And yet, Valentine’s Day carries a strange contradiction.
Did you know it is one of the most common days for breakups?
For a holiday brimming with sappy poems, fragrant flowers, and sweet chocolate, it has earned a surprisingly bitter reputation. Perhaps that is because a day devoted to love forces us to reflect on what love actually is… and sometimes, upon closer examination, we discover that what we thought was love… wasn’t.
Believe it or not, our culture, and often even our families, do a poor job of teaching us what real, authentic love looks like.
We talk about butterflies in our stomachs and feeling lightheaded from a kiss. In love songs, boundaries blur and two people fuse into one. In stories, love is intense and consuming. The hero protects the heroine, but also possesses her, sealing devotion with the words: “You are mine.”
Sometimes we are taught to view love through obligation and duty. Love becomes something we owe. Something we earn by fulfilling expectations and playing our roles correctly. Love becomes sacrifice at the expense of the self.

But is that love?
I would argue that these versions are infatuation at best, and unhealthy, even abusive, at worst. And yet, between cultural depictions and our own internal patterns, we often confuse what love is.
We learn from our earliest experiences what love looks like. As we grow older, we don’t always seek what is healthy, we seek what is familiar.
I could list a million examples of unhealthy love. I could write out endless red flags. But the problem with red flags is that if something doesn’t match them exactly, we may dismiss what we feel.
We tell ourselves, “Well, it’s not abusive.”
And yet, something can fall short of abuse while still falling far short of love.
That is why I want to focus instead on what healthy love actually looks like.
Across poems, philosophy, research, and human experience, certain themes arise again and again. Love is more than a feeling or an attachment. Healthy love is a consistent presence, the willingness to stay, not because one must, but because one chooses to.
And while love may cost us something at times, it should never come at the cost of ourselves.

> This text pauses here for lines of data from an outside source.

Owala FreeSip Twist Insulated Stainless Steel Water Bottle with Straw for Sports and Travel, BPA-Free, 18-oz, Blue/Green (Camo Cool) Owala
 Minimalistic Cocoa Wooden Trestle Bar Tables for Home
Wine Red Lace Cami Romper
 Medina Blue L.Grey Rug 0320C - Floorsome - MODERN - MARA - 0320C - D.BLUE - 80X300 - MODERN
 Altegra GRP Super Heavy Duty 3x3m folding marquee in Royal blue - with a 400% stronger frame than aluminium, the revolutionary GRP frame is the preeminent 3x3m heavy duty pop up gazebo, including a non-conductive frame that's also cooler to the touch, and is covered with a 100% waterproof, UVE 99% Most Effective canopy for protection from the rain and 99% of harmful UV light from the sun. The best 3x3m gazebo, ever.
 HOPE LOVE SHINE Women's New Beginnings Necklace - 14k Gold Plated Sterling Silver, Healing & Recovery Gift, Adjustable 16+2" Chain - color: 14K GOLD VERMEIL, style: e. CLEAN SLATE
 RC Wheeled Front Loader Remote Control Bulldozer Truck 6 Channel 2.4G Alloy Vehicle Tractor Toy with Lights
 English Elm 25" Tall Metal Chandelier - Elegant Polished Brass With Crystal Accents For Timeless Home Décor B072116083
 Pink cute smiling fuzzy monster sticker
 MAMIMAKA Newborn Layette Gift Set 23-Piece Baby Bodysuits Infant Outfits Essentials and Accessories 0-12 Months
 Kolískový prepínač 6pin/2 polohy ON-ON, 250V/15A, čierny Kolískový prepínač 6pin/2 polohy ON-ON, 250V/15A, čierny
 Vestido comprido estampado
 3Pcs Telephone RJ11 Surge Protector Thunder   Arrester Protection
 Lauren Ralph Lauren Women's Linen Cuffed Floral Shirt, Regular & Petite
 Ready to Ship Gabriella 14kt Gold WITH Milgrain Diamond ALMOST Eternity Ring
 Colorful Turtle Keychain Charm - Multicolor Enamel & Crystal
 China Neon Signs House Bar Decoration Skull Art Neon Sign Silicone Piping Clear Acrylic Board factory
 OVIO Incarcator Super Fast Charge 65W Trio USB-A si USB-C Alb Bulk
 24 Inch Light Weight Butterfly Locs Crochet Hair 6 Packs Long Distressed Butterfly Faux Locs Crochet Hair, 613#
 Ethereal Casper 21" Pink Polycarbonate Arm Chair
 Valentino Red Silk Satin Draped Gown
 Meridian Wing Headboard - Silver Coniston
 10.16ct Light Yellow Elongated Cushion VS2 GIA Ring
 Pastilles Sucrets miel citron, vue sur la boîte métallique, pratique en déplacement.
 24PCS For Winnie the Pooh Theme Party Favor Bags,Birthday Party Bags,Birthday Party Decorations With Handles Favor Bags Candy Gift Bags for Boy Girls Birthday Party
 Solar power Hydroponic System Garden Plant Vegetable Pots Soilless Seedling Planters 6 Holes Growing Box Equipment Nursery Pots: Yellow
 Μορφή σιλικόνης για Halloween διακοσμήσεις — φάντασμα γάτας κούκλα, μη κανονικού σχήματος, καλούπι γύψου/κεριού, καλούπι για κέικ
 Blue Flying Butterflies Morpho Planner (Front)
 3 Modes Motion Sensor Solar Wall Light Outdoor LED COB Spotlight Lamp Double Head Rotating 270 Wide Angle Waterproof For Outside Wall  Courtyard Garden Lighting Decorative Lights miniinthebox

Healthy love is not self-erasure. It is not martyrdom. It is a widening sense of us that still contains a me. Sacrifice in love should not diminish either partner, but strengthen both.
To love someone is also to truly see them.
Love recognizes the beloved as they are: flawed, human, singular, worthy. Love says, “You matter. You are not interchangeable. You cannot simply be replaced.”
Love is not possession. It is not fear disguised as devotion. Nor is it the merging of two souls into one entwined being, as popular as the fated-mate trope may be.

Love does not have chains.
It is choice and freedom.
Healthy love enhances rather than restricts. It fosters growth rather than suffocation. One person is not diminished so the other can shine. Both are made better, not because they complete one another, but because they support one another.
In short, healthy love is a relationship where both people feel emotionally safe, seen as they are, and free to grow without fear of punishment, abandonment, or control.
Love says:
“I won’t disappear when you’re inconvenient.”
“I won’t punish you for being human.”
“I won’t leave you alone in your pain.”
But healthy love does not say:
“I will erase my own needs.”
“I will surrender my boundaries.”
“I will make your suffering my identity.”
Love is safety for both.
It allows both partners to exist without feeling they must earn their right to be there.
And perhaps that is the quiet challenge of Valentine’s Day, beneath all the roses and romance. Love is not something waiting for us in some distant future, once we are finally healed, finally perfect, finally enough. It is something we practice in the present, in the relationships we choose, in the boundaries we hold, in the way we refuse to mistake survival for devotion. A life well lived is not built “someday.” It is built here, now, in the steady courage to believe that love can be both real and safe, and that we are worthy of it exactly where we are.